- Your assignment
Reproduce exactly, and only, the lines running from the start of the entries below to the line containing "1987 GMC Suburban Sierra Classic - photo 13".

- - -

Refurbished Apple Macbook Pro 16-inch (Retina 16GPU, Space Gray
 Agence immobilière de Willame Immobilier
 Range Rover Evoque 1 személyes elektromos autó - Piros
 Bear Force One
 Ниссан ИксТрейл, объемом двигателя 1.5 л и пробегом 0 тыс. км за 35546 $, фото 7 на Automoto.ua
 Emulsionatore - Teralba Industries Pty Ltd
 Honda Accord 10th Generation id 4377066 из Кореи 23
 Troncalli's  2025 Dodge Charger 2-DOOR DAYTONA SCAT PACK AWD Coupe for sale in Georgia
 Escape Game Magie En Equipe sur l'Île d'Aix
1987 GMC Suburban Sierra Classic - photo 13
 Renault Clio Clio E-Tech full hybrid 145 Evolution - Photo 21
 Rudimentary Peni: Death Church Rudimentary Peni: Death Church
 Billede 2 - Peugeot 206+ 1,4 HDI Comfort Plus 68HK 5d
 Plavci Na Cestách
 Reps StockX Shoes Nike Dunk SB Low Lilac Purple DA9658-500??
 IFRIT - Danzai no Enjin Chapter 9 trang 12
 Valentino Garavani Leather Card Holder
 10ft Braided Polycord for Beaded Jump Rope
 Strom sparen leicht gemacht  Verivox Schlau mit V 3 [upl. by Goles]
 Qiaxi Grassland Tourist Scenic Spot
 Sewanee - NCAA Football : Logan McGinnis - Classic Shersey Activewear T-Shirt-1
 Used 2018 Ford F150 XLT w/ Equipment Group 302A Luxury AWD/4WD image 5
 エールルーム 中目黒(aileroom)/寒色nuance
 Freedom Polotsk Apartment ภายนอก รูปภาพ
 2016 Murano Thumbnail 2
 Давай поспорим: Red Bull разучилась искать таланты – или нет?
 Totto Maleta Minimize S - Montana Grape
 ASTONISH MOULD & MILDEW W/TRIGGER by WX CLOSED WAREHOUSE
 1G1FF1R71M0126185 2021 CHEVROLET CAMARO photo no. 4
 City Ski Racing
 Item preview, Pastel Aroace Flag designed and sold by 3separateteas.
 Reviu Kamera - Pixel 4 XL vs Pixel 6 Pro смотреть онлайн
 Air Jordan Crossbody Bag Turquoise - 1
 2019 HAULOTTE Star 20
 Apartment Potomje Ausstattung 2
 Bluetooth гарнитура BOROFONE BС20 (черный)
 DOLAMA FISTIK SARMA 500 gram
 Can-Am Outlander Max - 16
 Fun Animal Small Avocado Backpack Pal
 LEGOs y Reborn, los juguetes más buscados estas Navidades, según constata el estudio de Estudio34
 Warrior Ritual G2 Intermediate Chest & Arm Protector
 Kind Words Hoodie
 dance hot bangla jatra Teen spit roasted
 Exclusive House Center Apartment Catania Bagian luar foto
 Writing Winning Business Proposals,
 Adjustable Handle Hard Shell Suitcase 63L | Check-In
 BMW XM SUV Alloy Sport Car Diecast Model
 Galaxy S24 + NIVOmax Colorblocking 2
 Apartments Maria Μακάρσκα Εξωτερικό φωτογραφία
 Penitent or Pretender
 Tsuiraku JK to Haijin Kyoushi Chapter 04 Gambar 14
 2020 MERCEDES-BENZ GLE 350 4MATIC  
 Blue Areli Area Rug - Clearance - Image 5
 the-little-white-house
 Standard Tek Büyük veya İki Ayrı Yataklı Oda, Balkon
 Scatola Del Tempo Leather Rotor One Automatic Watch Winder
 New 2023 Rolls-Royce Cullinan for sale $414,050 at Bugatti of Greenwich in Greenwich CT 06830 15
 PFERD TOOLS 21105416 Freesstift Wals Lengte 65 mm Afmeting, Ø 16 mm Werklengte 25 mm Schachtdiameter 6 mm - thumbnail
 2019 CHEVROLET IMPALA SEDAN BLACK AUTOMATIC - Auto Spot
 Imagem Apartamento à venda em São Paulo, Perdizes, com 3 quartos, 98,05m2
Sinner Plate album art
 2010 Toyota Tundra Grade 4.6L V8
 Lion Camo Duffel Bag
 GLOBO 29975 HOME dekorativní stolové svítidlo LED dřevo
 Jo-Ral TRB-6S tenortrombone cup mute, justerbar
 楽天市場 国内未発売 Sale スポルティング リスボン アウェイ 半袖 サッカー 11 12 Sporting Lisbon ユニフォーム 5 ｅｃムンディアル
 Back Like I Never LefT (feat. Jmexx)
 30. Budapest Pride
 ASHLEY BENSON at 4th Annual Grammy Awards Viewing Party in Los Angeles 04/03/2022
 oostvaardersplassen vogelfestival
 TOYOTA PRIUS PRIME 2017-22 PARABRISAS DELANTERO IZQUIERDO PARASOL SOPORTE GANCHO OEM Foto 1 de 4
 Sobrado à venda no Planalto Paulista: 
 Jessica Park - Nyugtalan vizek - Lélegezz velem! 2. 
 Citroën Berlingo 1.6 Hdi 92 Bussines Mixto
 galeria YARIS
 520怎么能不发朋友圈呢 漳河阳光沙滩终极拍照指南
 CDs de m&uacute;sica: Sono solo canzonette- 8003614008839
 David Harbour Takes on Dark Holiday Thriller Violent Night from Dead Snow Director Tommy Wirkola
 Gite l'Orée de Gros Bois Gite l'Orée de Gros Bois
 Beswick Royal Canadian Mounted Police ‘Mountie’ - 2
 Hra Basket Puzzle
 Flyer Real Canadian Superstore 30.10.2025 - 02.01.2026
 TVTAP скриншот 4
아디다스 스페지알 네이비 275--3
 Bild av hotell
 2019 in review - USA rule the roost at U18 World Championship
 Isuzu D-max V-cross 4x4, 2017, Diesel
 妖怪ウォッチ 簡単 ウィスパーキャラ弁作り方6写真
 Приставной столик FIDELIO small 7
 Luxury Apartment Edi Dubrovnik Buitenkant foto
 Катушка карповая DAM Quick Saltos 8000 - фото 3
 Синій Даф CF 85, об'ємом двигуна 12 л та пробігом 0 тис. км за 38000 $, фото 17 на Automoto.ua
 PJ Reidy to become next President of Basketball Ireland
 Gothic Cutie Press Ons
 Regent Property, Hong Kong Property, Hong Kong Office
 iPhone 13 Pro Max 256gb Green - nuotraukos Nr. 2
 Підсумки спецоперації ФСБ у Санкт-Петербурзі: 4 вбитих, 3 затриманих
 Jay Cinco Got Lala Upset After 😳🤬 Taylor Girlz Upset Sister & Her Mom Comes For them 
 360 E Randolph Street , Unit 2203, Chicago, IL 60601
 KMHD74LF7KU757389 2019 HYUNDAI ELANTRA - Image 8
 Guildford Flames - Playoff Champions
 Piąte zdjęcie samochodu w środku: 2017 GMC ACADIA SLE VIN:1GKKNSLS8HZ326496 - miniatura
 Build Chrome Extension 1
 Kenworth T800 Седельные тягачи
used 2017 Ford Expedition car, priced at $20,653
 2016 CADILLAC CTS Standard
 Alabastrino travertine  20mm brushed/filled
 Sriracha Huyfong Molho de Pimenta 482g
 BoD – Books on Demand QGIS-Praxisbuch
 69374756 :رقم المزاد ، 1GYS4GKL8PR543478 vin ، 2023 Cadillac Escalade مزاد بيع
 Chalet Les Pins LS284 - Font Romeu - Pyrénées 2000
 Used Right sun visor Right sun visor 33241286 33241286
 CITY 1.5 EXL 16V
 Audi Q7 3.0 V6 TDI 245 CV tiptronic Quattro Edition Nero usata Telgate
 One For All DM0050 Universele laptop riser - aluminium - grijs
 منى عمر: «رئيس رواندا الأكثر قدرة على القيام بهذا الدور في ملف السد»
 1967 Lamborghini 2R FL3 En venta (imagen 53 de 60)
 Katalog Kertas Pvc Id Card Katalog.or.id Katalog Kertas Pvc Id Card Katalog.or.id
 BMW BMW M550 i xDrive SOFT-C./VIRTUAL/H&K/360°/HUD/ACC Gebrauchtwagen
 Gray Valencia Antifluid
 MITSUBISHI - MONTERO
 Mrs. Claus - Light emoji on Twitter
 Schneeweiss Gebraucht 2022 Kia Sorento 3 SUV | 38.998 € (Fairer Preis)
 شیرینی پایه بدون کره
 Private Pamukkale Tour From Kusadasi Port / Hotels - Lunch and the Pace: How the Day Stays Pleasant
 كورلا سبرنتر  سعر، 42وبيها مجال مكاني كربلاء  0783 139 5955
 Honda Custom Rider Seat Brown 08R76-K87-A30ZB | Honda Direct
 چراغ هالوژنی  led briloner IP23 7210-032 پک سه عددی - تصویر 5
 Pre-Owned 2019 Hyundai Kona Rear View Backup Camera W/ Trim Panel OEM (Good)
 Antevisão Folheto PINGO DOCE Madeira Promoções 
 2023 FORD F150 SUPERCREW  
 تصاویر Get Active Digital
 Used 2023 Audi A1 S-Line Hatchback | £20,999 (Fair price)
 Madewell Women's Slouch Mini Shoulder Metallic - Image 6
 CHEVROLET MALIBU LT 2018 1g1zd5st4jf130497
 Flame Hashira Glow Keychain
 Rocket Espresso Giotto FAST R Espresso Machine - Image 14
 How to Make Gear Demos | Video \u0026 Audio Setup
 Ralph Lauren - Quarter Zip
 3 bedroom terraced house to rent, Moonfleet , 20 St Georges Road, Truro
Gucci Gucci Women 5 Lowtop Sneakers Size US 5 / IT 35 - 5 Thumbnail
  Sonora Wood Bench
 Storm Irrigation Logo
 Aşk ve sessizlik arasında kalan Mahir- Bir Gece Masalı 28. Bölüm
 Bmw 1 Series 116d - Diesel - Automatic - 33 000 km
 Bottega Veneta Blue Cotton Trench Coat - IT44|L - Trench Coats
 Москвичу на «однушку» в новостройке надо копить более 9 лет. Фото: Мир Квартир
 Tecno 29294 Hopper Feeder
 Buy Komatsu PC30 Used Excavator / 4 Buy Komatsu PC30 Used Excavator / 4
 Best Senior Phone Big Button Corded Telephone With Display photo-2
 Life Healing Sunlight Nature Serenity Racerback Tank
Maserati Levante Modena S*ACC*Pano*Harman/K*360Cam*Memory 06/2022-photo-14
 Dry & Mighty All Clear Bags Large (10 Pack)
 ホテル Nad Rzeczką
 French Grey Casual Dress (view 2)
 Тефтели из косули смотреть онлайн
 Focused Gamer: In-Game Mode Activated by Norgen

- - -

- Reply
Refurbished Apple Macbook Pro 16-inch (Retina 16GPU, Space Gray
 Agence immobilière de Willame Immobilier
 Range Rover Evoque 1 személyes elektromos autó - Piros
 Bear Force One
 Ниссан ИксТрейл, объемом двигателя 1.5 л и пробегом 0 тыс. км за 35546 $, фото 7 на Automoto.ua
 Emulsionatore - Teralba Industries Pty Ltd
 Honda Accord 10th Generation id 4377066 из Кореи 23
 Troncalli's  2025 Dodge Charger 2-DOOR DAYTONA SCAT PACK AWD Coupe for sale in Georgia
 Escape Game Magie En Equipe sur l'Île d'Aix
1987 GMC Suburban Sierra Classic - photo 13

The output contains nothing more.